Exercise description.
Output, word for word, the lines of this listing that fall between the line with "Kit 3 Coquinho" and the line with "Pig Oven Mitts", counting both of those lines, and no others.
Material provided START
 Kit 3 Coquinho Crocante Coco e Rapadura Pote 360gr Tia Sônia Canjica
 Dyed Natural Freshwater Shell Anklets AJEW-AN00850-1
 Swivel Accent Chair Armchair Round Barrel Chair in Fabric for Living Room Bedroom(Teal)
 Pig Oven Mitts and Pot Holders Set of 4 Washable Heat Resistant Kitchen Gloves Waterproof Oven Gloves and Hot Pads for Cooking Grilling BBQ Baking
Material provided END
Material provided START
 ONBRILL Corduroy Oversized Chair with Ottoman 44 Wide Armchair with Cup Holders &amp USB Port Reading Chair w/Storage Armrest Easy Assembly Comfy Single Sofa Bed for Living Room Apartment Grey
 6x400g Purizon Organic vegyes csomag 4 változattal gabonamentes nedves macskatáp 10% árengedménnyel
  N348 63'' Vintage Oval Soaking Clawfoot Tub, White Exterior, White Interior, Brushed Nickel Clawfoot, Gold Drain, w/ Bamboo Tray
Material provided END
Solution for this problem.
 Kit 3 Coquinho Crocante Coco e Rapadura Pote 360gr Tia Sônia Canjica
 Dyed Natural Freshwater Shell Anklets AJEW-AN00850-1
 Swivel Accent Chair Armchair Round Barrel Chair in Fabric for Living Room Bedroom(Teal)
 Pig Oven Mitts and Pot Holders Set of 4 Washable Heat Resistant Kitchen Gloves Waterproof Oven Gloves and Hot Pads for Cooking Grilling BBQ Baking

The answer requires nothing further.